Spark has been endorsed by Cloudera as the successor to MapReduce. That says a 
lot...




On Thu, Apr 10, 2014 at 10:11 AM, Andras Nemeth 
<andras.nem...@lynxanalytics.com> wrote:





Hello Spark Users,




With the recent graduation of Spark to a top level project (grats, btw!), maybe 
a well timed question. :)




We are at the very beginning of a large scale big data project and after two 
months of exploration work we'd like to settle on the technologies to use, roll 
up our sleeves and start to build the system.




Spark is one of the forerunners for our technology choice.




My question in essence is whether it's a good idea or is Spark too 
'experimental' just yet to bet our lives (well, the project's life) on it.




The benefits of choosing Spark are numerous and I guess all too obvious for 
this audience - e.g. we love its powerful abstraction, ease of development and 
the potential for using a single system for serving and manipulating huge 
amount of data.




This email aims to ask about the risks. I enlist concrete issues we've 
encountered below, but basically my concern boils down to two philosophical 
points:

I. Is it too much magic? Lots of things "just work right" in Spark and it's 
extremely convenient and efficient when it indeed works. But should we be 
worried that customization is hard if the built in behavior is not quite right 
for us? Are we to expect hard to track down issues originating from the black 
box behind the magic?

II. Is it mature enough? E.g. we've created a pull request which fixes a 
problem that we were very surprised no one ever stumbled upon before. So that's 
why I'm asking: is Spark being already used in professional settings? Can one 
already trust it being reasonably bug free and reliable?




I know I'm asking a biased audience, but that's fine, as I want to be 
convinced. :)




So, to the concrete issues. Sorry for the long mail, and let me know if I 
should break this out into more threads or if there is some other way to have 
this discussion...




1. Memory management


The general direction of these questions is whether it's possible to take RDD 
caching related memory management more into our own hands as LRU eviction is 
nice most of the time but can be very suboptimal in some of our use cases.

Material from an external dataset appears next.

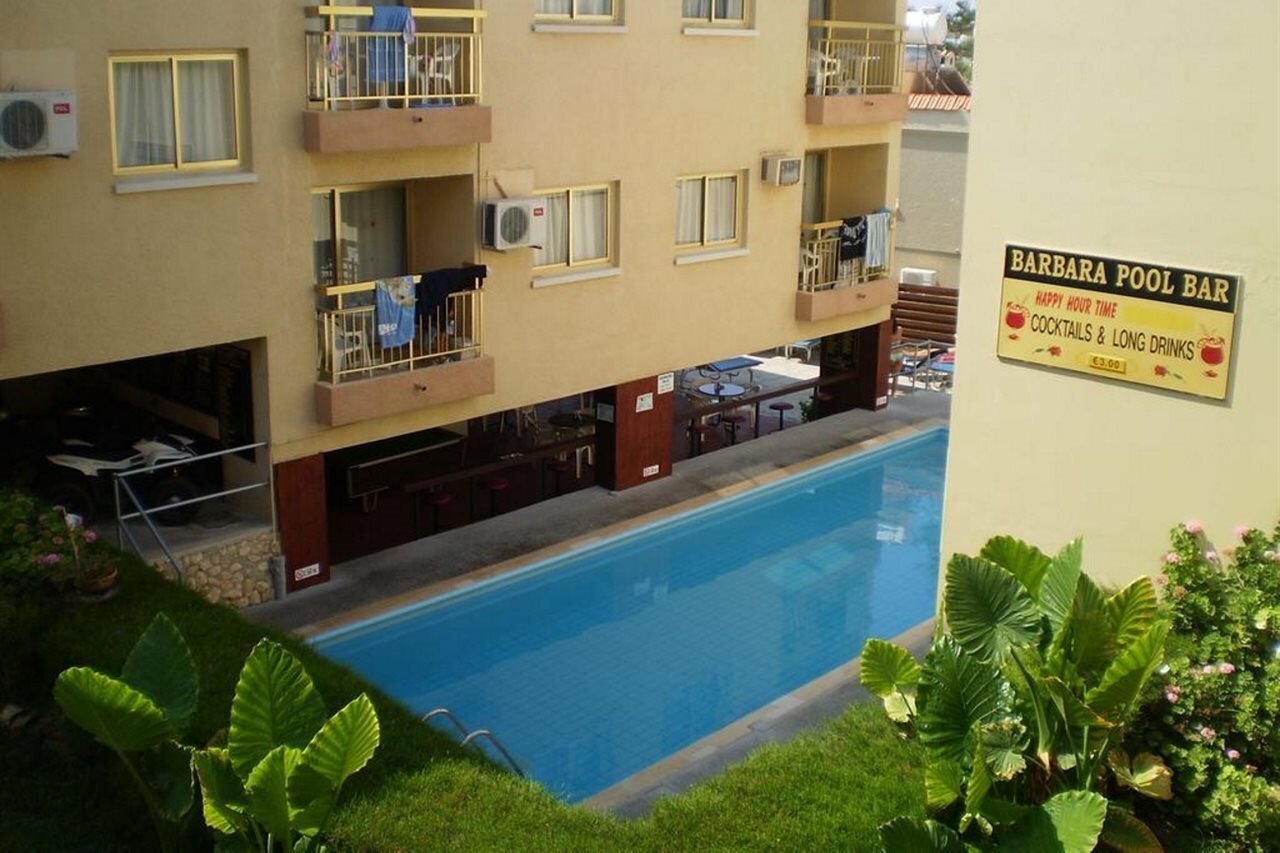 Фото Barbara Tourist Apartments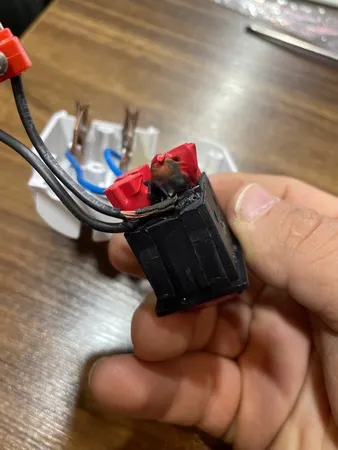 سه راهی برق پرشین مدل MR05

A. Somehow prioritize cached RDDs, E.g. mark some "essential" that one really 
wants to keep. I'm fine with going down in flames if I mark too much data 
essential.

B. Memory "reflection": can you pragmatically get the memory size of a cached 
rdd and memory sizes available in total/per executor? If we could do this we 
could indirectly avoid automatic evictions of things we might really want to 
keep in memory.

C. Evictions caused by RDD partitions on the driver. I had a setup with huge 
worker memory and smallish memory on the driver JVM. To my surprise, the system 
started to cache RDD partitions on the driver as well. As the driver ran out of 
memory I started to see evictions while there were still plenty of space on 
workers. This resulted in lengthy recomputations. Can this be avoided somehow?

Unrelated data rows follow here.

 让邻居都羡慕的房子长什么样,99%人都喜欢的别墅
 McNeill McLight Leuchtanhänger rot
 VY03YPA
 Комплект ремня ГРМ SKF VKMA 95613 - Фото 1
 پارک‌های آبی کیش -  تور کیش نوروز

D. Broadcasts. Is it possible to get rid of a broadcast manually, without 
waiting for the LRU eviction taking care of it? Can you tell the size of a 
broadcast programmatically?







2. Akka lost connections


We have quite often experienced lost executors due to akka exceptions - mostly 
connection lost or similar. It seems to happen when an executor gets extremely 
busy with some CPU intensive work. Our hypothesis is that akka network threads 
get starved and the executor fails to respond within timeout limits. Is this 
plausible? If yes, what can we do with it?

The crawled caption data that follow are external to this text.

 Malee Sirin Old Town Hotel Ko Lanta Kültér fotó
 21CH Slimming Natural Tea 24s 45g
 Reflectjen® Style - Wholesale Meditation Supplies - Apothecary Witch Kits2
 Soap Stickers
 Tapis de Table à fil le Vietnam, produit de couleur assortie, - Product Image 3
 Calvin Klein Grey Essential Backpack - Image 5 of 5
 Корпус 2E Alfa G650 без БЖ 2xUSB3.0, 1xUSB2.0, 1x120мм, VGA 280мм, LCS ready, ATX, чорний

In general, these are scary errors in the sense that they come from the very 
core of the framework and it's hard to link it to something we do in our own 
code, and thus hard to find a fix. So a question more for the community: how 
often do you end up scratching your head about cases where spark magic doesn't 
work perfectly?







3. Recalculation of cached rdds


I see the following scenario happening. I load two RDDs A,B from disk, cache 
them and then do some jobs on them, at the very least a count on each. After 
these jobs are done I see on the storage panel that 100% of these RDDs are 
cached in memory.




Then I create a third RDD C which is created by multiple joins and maps from A 
and B, also cache it and start a job on C. When I do this I still see A and B 
completely cached and also see C slowly getting more and more cached. This is 
all fine and good, but in the meanwhile I see stages running on the UI that 
point to code which is used to load A and B. How is this possible? Am I 
misunderstanding how cached RDDs should behave?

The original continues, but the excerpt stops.